THE emergence of a new spiritual epoch in education may have dawned far back in the late 19th century driven by Theosophical principles.

New educational reforms encompassing spiritual development are evident in the formation of new schools today, many of which embody the eternal principles championed by H. P. Blavatsky in The Key to Theosophy.

“In many countries, educational reforms are taking place to consider the changing needs of 21st century learners,” writes Canadian theosophist Kathleen Hall in The Theosophical Roots of Spiritual Education, noting how:

“The old factory model of education that was mainly concerned with churning out obedient workers no longer suits the needs of today’s world.”

The principles defined by Madame Blavatsky in The Key to Theosophy, raised the educational bar, both then and now .Children should above all be taught self-reliance,” she declared, “love for all men, altruism, mutual charity, and more than anything else, to think and reason for themselves.”

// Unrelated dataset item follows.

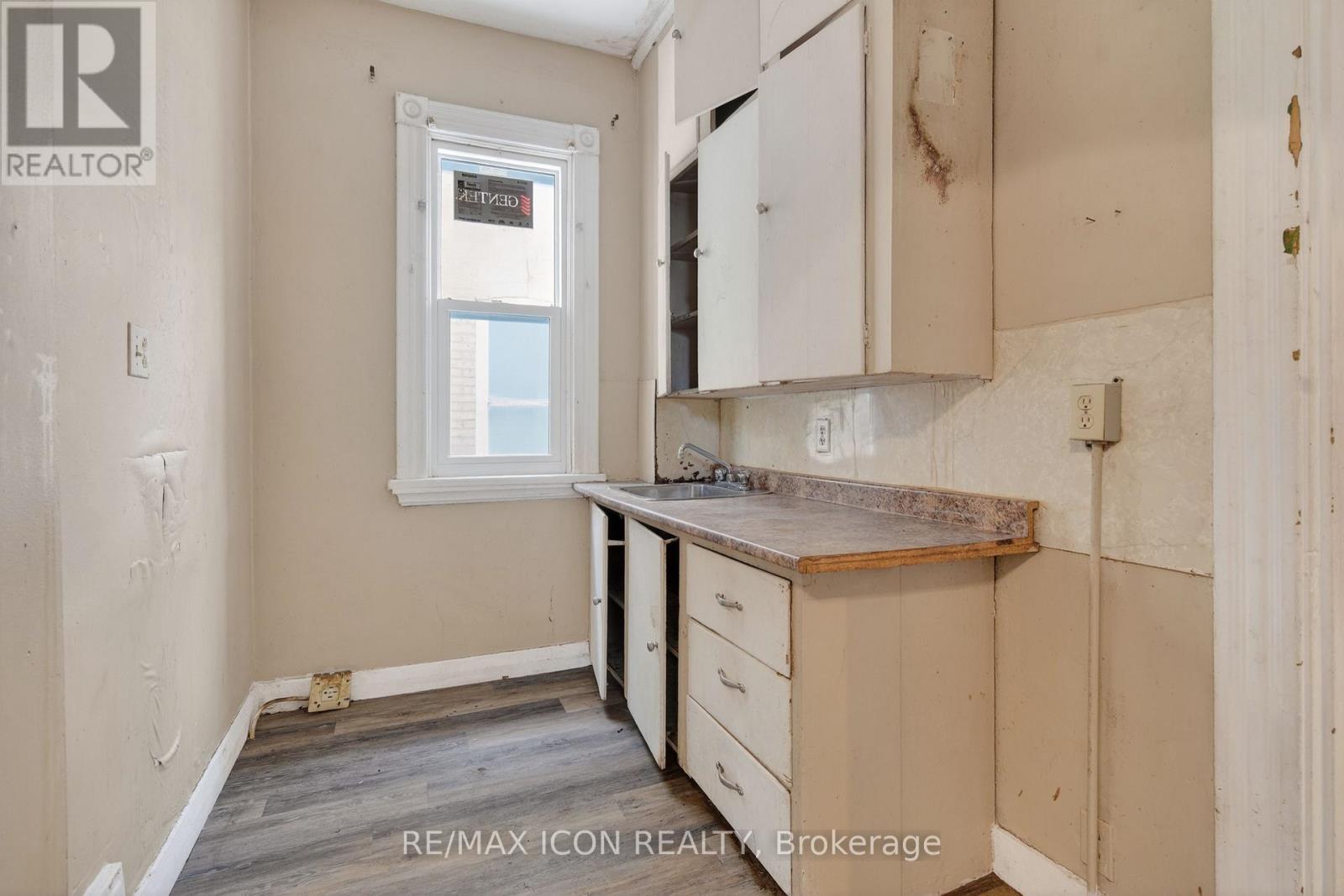 Unit 2 - 720 Queens Avenue, London East (East G), ON - Indoor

Adding: “We would reduce the purely mechanical work of the memory to an absolute minimum and devote the time to the development and training of the inner senses, faculties and latent capacities …

meditation_dalai-lama

Meditation

“Deal with each child as a unit and educate it so as to produce the most harmonious and equal unfoldment of its powers, in order that its special aptitudes should find their full natural development; Aim at creating free men and women, free intellectually, free morally, unprejudiced in all respects, and above all things, unselfish.” (Theosophy and Education).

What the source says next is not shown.